Albatross-borne loggers show feeding on deep-sea squids: implications for the study of squid distributions

Bungo Nishizawa*, Takanori Sugawara, Lindsay C. Young, Eric A. Vanderwerf, Ken Yoda, Yutaka Watanuki

*Email: nishizawa@salmon.fish.hokudai.ac.jp

ABSTRACT: How surface-feeding albatrosses feed on deep-sea squids has long been a mystery. We investigated foraging behavior during daylight hours of 20 Laysan albatrosses Phoebastria immutabilis breeding in Hawaii using GPS and camera-loggers. The birds traveled to the North Pacific Transition Zone up to 600 km north of their breeding site.

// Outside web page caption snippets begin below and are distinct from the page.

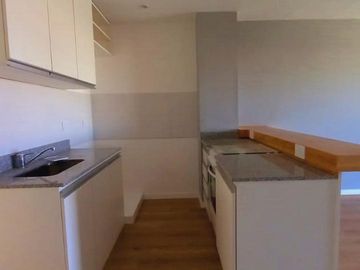Departamento - Olivos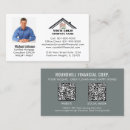 Recherche de co cartes visite Photographie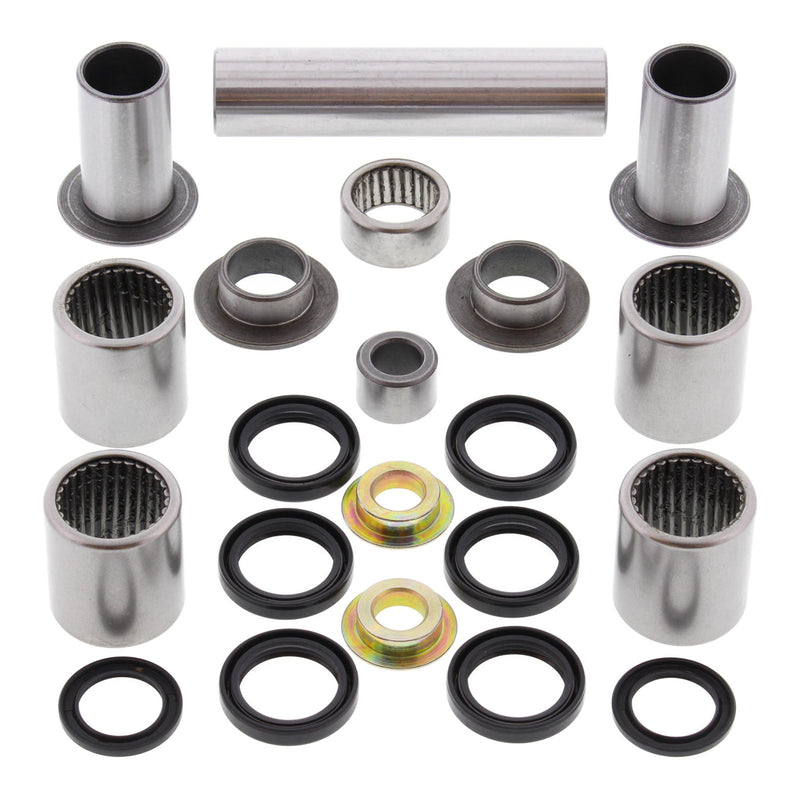 Load image into Gallery viewer, Suspension Linkage Kit 27-1067 YZ/WR125-426 '01

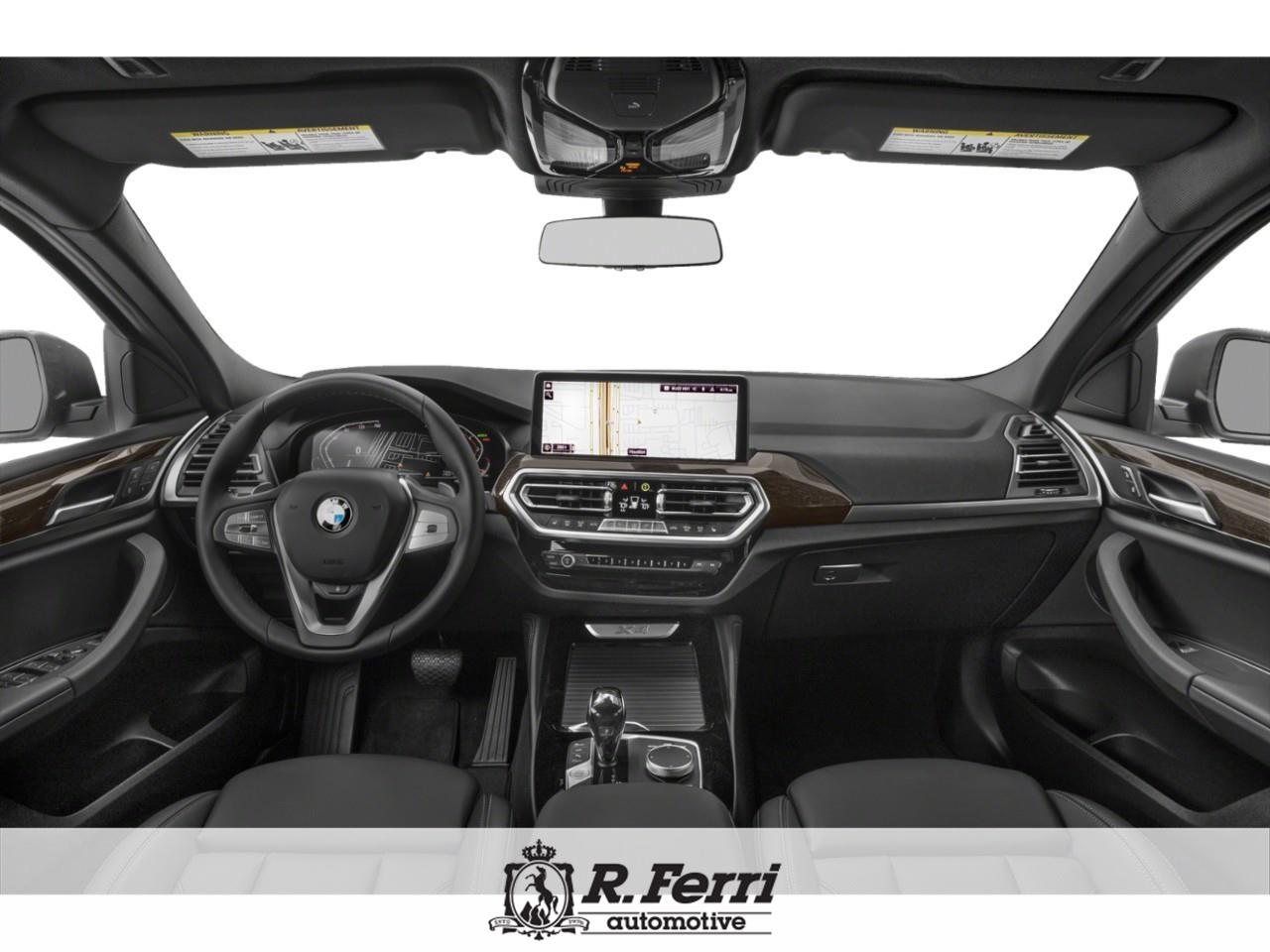 2023 BMW X4 M40i 4dr All-Wheel Drive Sports Activity Coupe Photo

The camera images showed that Laysan albatrosses fed on large (~1 m body length), intact floating dead squids (6 events) and floating fragmented squids (10 events) over deep oceanic water (> 2000 m) while they flew in a straight path without sinuous searching. Feeding events on squids were not observed during the trip when fishing vessels were photographed and seemed to be distributed randomly and sparsely. Thus, this study suggests that Laysan albatrosses found large, presumably post-spawning, squids opportunistically while they were travelling during daylight hours. Although we did not find cetaceans in our surface pictures, we could not rule out the possibility that birds fed on squids, especially those fragmented, in the vomit of cetaceans in depth. This study demonstrates the usefulness of combining animal-borne GPS and camera-loggers on wide-ranging top predators for studying the distribution of little known deep-sea squids and their importance in the diet of marine top predators.